Je vais me coucher, ma fille, voilà ma petite compagnie qui vient de partir. Mesdames de Pomponne, de Vins, de Villars et de Saint-Géran ont été ici ; j’ai tout embrassé pour vous. Madame de Villars a fort ri de ce que vous lui mandez : j’ai un mot à lui dire ; cela ne se peut payer. Je pars demain à cinq heures ; je vous écrirai de tous les lieux où je passerai. Je vous embrasse de tout mon cœur : je suis fâchée que l’on ait profané cette façon de parler ; sans cela, elle serait digne d’expliquer de quelle façon je vous aime.


161. — DE Mme DE SÉVIGNÉ À Mme DE GRIGNAN.
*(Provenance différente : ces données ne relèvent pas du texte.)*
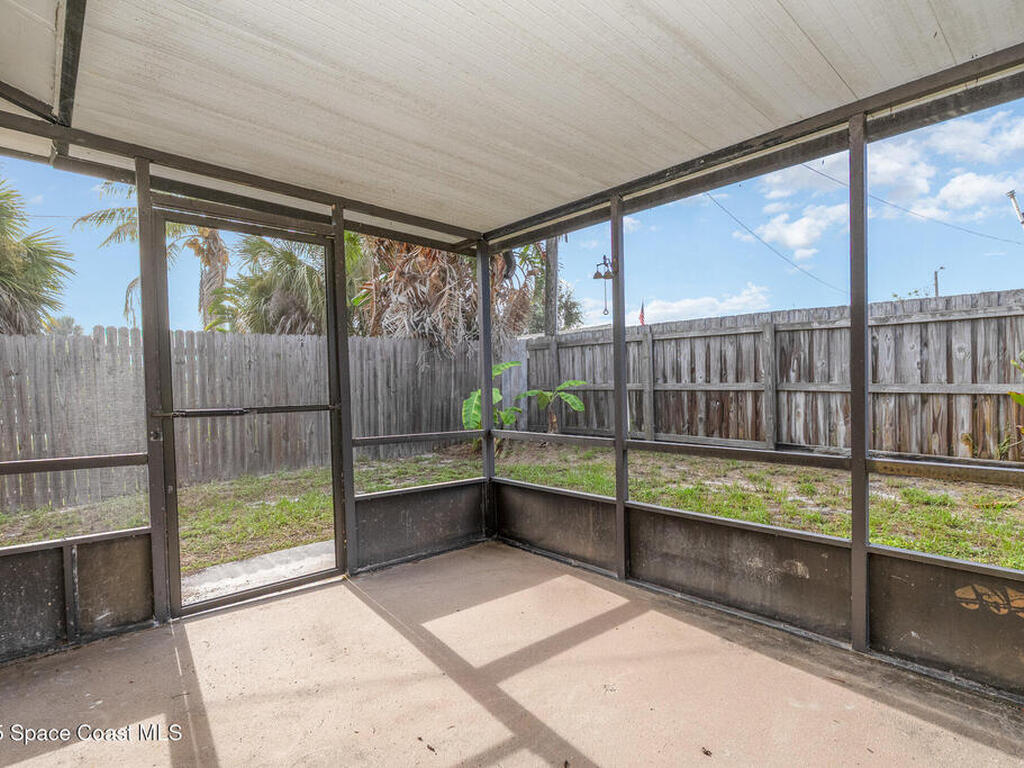 455 Riverside Avenue, Merritt Island, FL 32953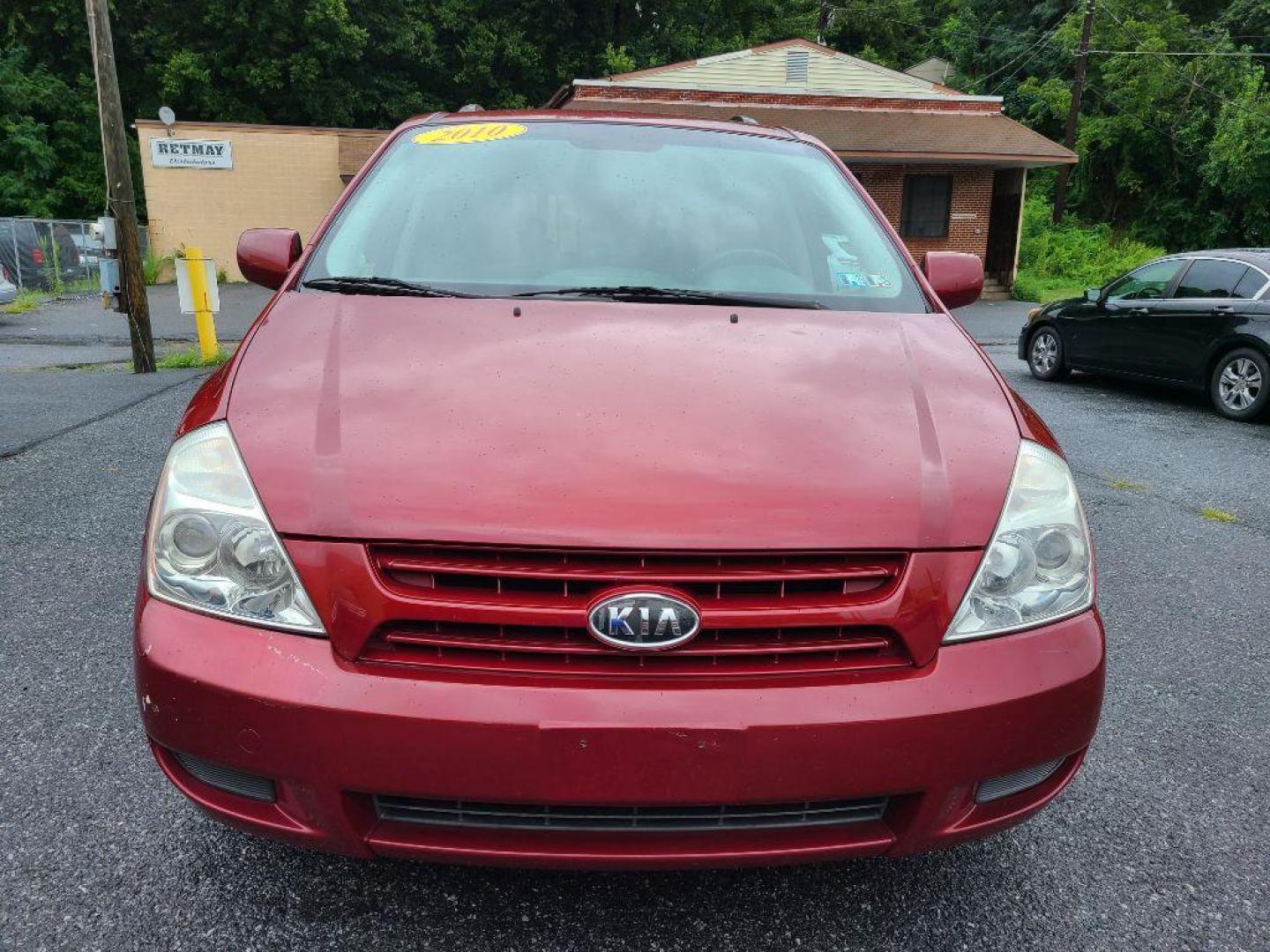 2010 RED KIA SEDONA LX (KNDMG4C32A6) with an 3.8L engine, 5-Speed Manual transmission, located at 117 North Cameron Street, Harrisburg, PA, 17101, (717) 963-8962, 40.266762, -76.875259 - WE FINANCE!!! Good Credit/ Bad Credit/ No Credit - ALL Trade-Ins Welcomed!!! ***Guaranteed Credit Approval*** APPLY ONLINE or CALL us TODAY ;) Internet Prices and Marketplace Prices are SPECIAL discounted ***CASH DEALS*** Retail Prices are higher. Please call us to discuss your cash and finan - Photo#7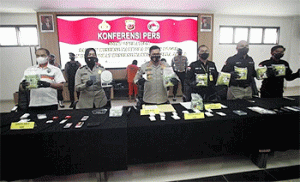 Tergiur Untung Besar, Seorang Karyawan Supermarket dan IRT Edarkan Sabu di Bogor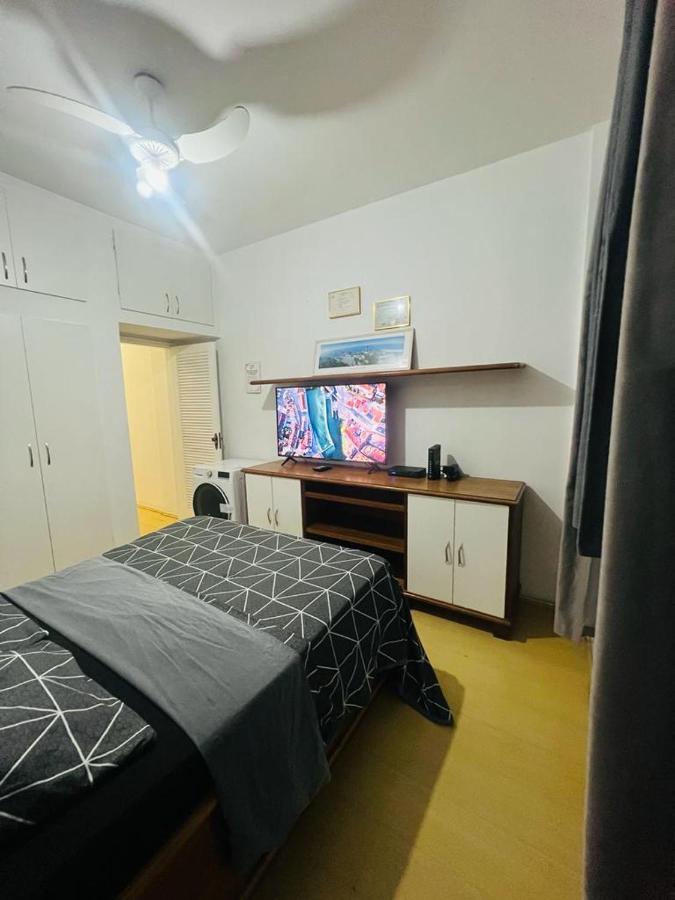 Maravilhoso E Sala Ate 4 Pessoas No Leblon Na Av Ataulfo De Paiva 公寓 *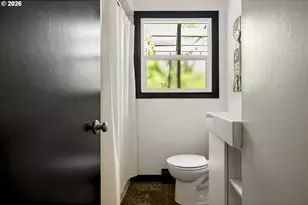 904 NE 67th Ave, Portland, OR 97213 - Photo 15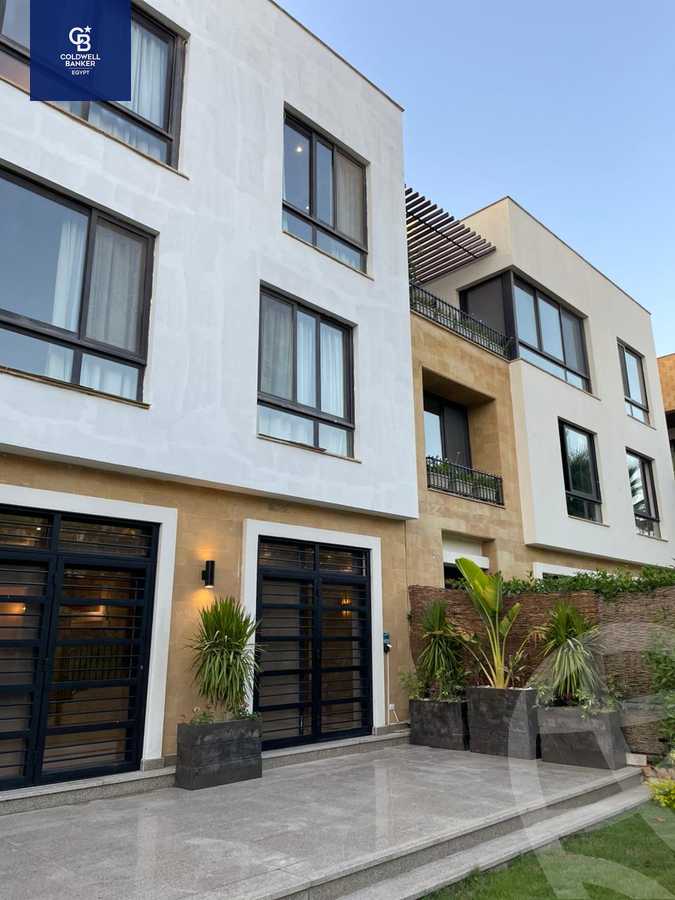 https://aqarmap.com.eg/en/listing/4104788-for-sale-cairo-el-sheikh-zayed-city-compounds-kmbwnd-wyst-twn-swdyk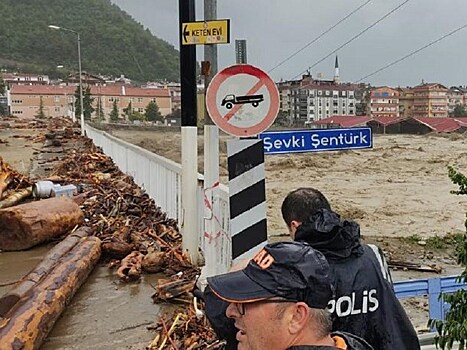Жертвами наводнений в Турции стали 77 человек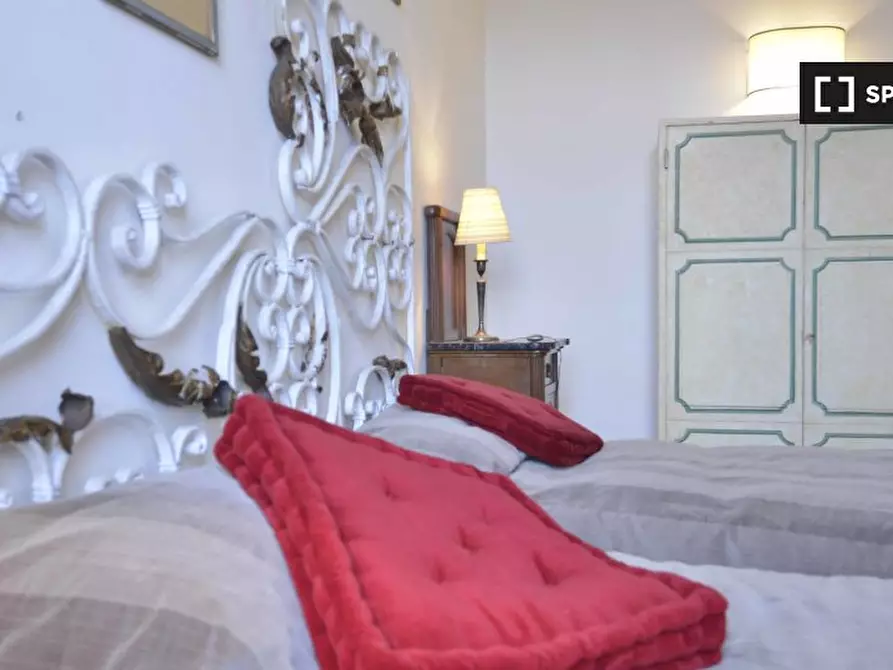 Immagine 12 di Appartamento in affitto  in Lungarno Amerigo Vespucci a Firenze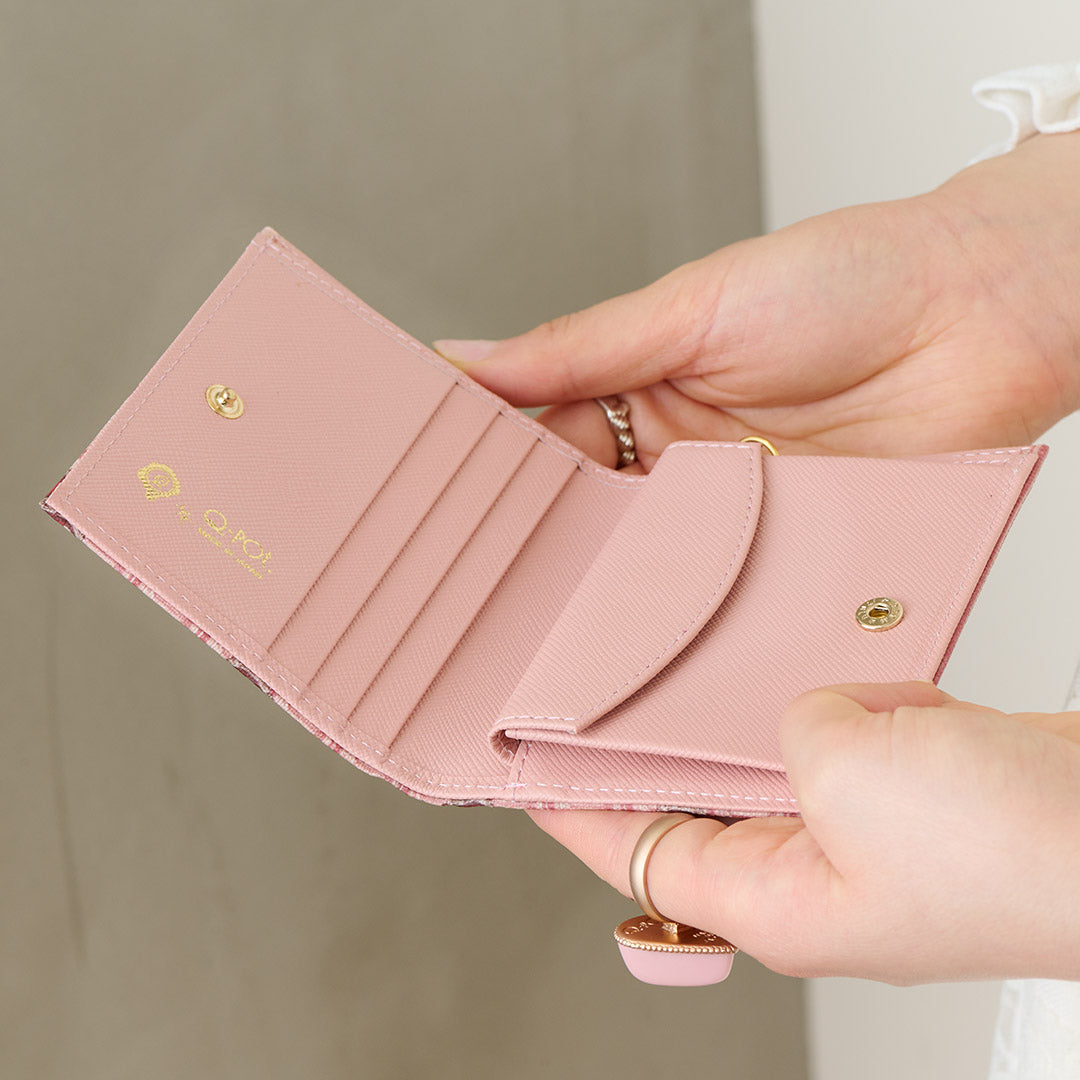 Heart Strawberry Chocolate Leather Flap Short Wallet【Japan Jewelry】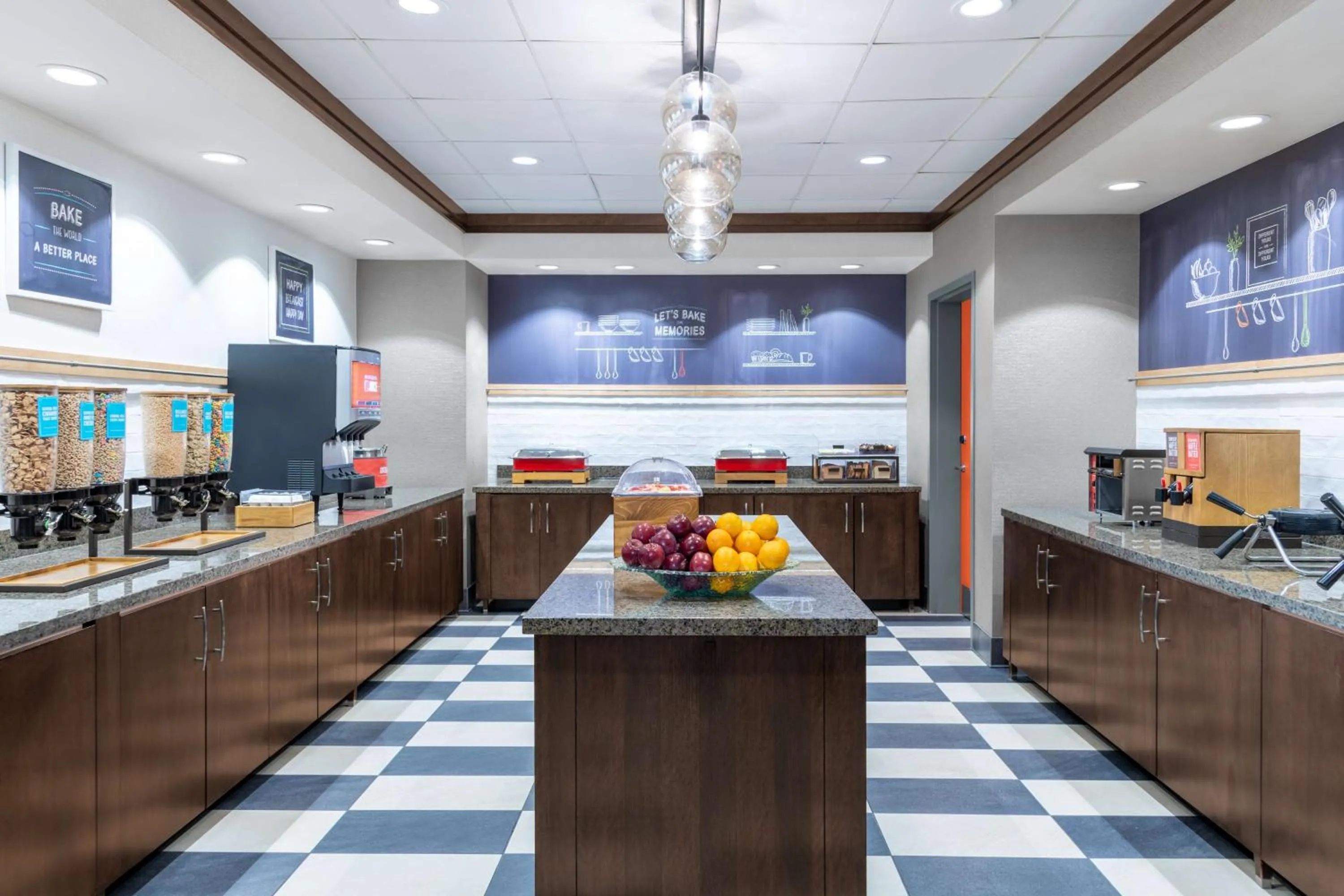 Breakfast in Hampton Inn & Suites Madison Downtown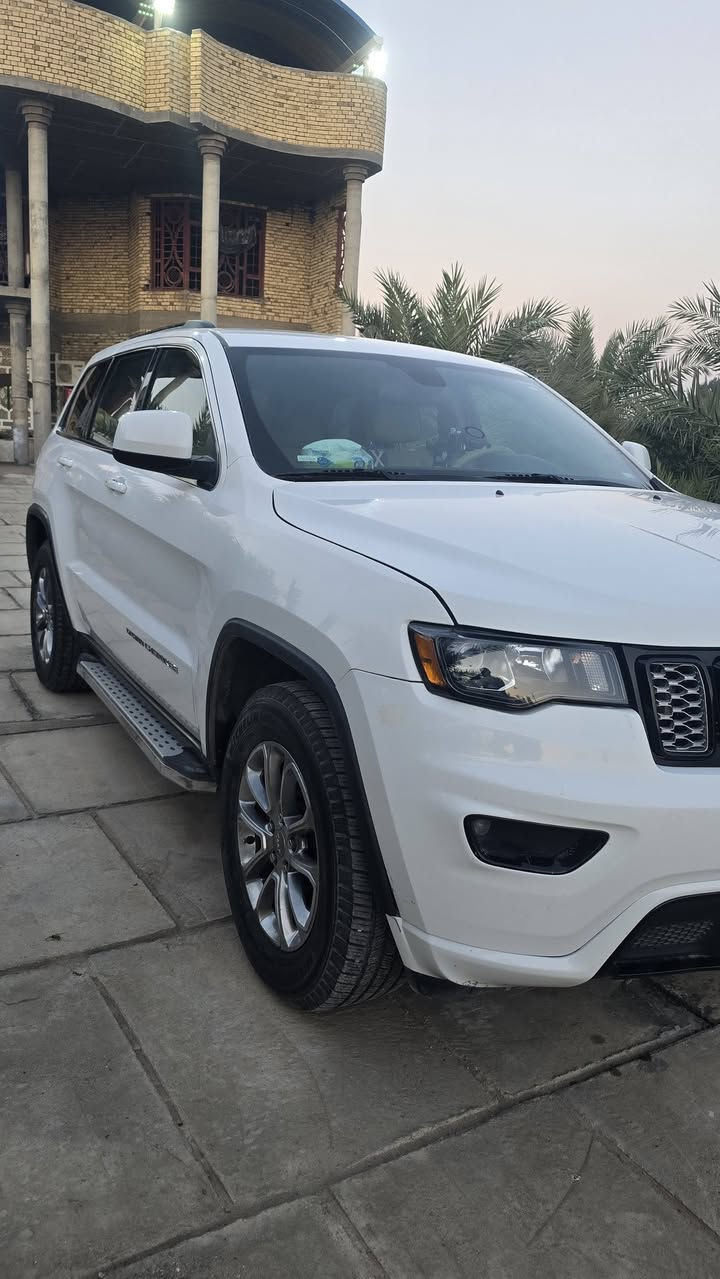 السلام عليكم
اخوان عندي جيب لاريدو موديل ٢٠١٦ وارد حادثها خفيف جاملغ تبديل وربع البنيد صبغ بدون دواخل بدون ايرباك بسمي اريد اراوسها بسوناته لأن محتاج فرق السياره بأسمي رقم ذيقار سعرها ٢٠٦ ورقه 

رقمي *********** بيه وتساب
مكان السياره /البصره القرنه
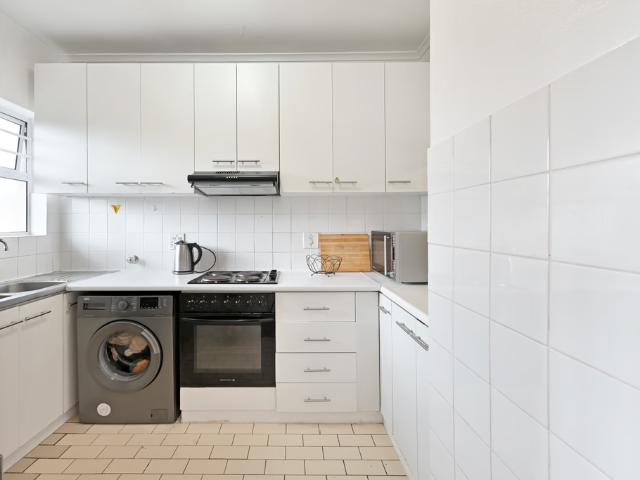 2 Bedroom Apartment To Let in Rondebosch | LIONLEAD Real Estate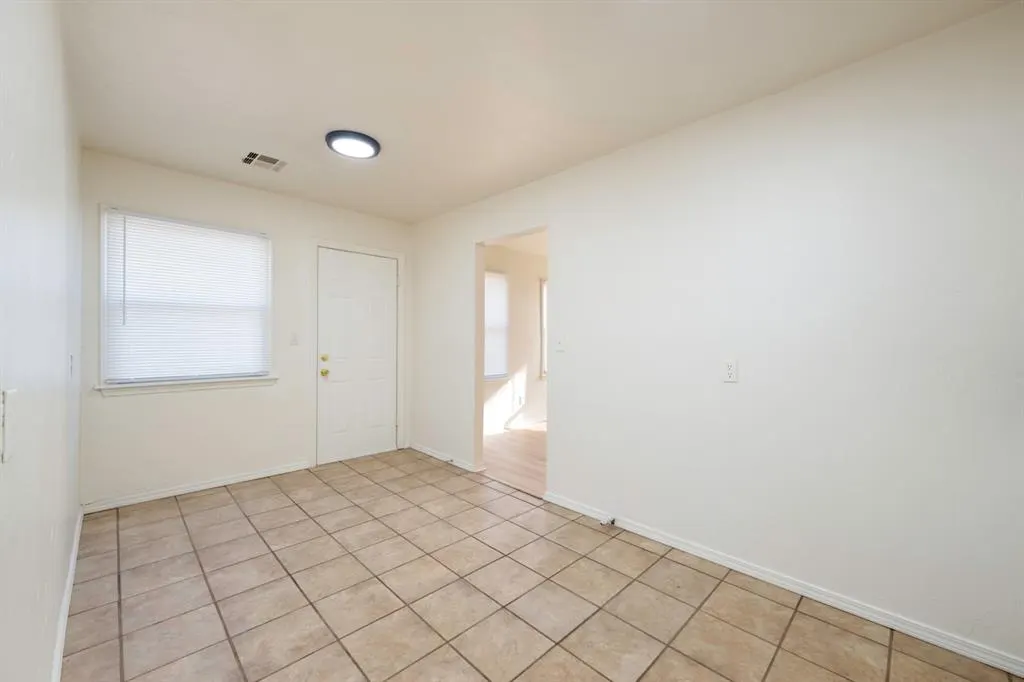 Photo 6 — 431 Showalter Drive, Midwest City, OK 73110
À Vichy, mardi 19 mai 1676.

Je commence aujourd’hui à vous écrire ; ma lettre partira quand elle pourra ; je veux causer avec vous. J’arrivai ici hier au soir. Madame de Brissac avec le chanoine[1], madame de Saint-Hérem et deux ou trois autres me vinrent recevoir au bord de la jolie rivière d’Allier : je crois que si on y regardait bien, on y trouverait encore des bergers del’Astrée. M. de Saint-Hérem, M. de la Fayette, l’abbé Dorât, Planci, et d’autres encore, suivaient dans un second carrosse, ou à cheval. Je fus reçue avec une grande joie. Madame de Brissac me mena souper chez elle ; je crois avoir déjà vu que le chanoine en a jusque-là de la duchesse : vous voyez bien où je mets la main. Je me suis reposée aujourd’hui, et demain je commencerai à boire. M. de Saint-Hérem m’est venu prendre ce matin pour la messe, et pour dîner chez lui. Madame de Brissac y est venue, on a joué : pour moi, je ne saurais me fatiguer à mêler des cartes. Nous nous sommes promenés ce soir dans les plus beaux endroits du monde ; et à sept heures la poule mouillée vient manger son poulet, et causer un peu avec sa chère enfant : on vous en

  1. Madame de Longueval, chanoinesse.